Applying causal discovery to single-cell analyses using CausalCell
Abstract
Correlation between objects is prone to occur coincidentally, and exploring correlation or association in most situations does not answer scientific questions rich in causality. Causal discovery (also called causal inference) infers causal interactions between objects from observational data. Inferred causal interactions in single cells provide valuable clues for investigating molecular interaction and gene regulation, identifying critical diagnostic and therapeutic targets, and designing experimental and clinical interventions.
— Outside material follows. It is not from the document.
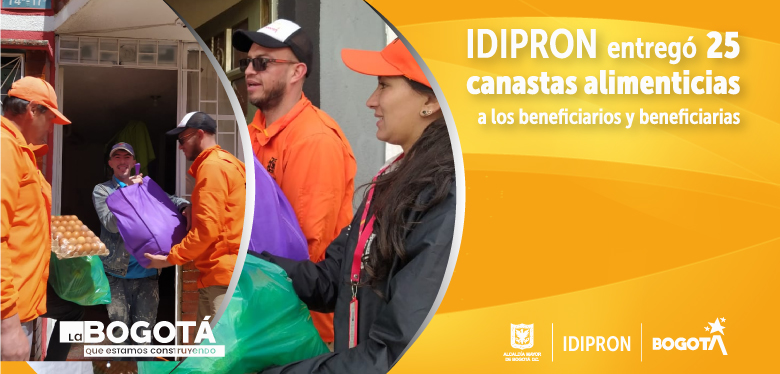 IDIPRON entregó 25 canastas alimenticias a los beneficiarios y beneficiarias.
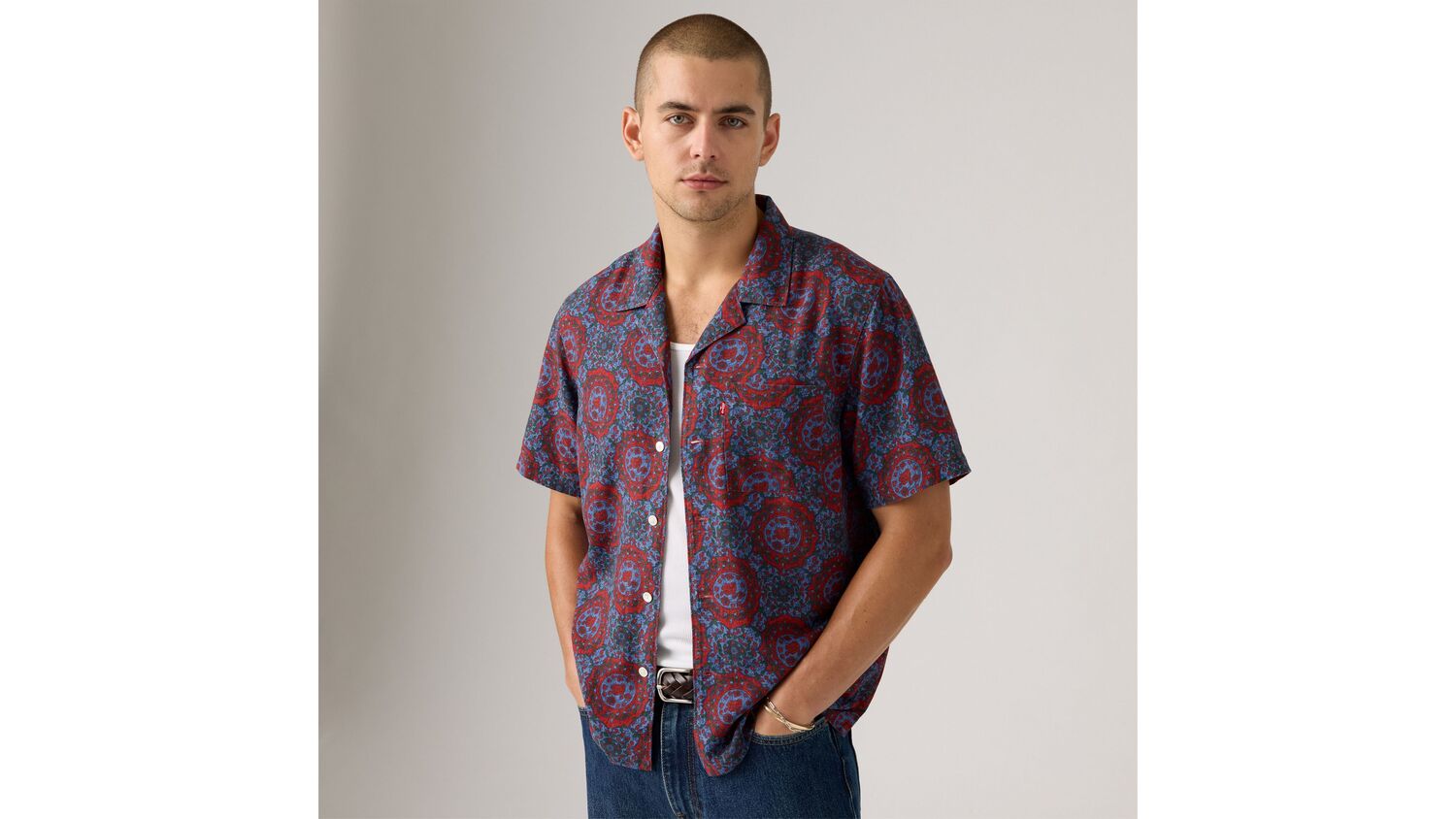 

Рубашка Sunset Standard Camp с коротким рукавом Levi's, Wilder Vining Geo Brick Red - Red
The report of causal discovery methods and generation of single-cell data make applying causal discovery to single-cells a promising direction. However, how to evaluate and choose causal discovery methods and how to develop workflow and platform remain challenges. We report the workflow and platform CausalCell (http://www.gaemons.net/causalcell/causalDiscovery/) for performing single-cell causal discovery. The workflow/platform is developed upon benchmarking four kinds of causal discovery methods and is examined by analysing multiple scRNA-seq datasets. Our results suggest that different situations call for different methods and the constraint-based PC algorithm plus kernel-based conditional independence tests suit for most situations. Relevant issues are discussed and tips for best practices are recommended.
Data availability
Only public data were used. Links to all data are provided in the manuscript.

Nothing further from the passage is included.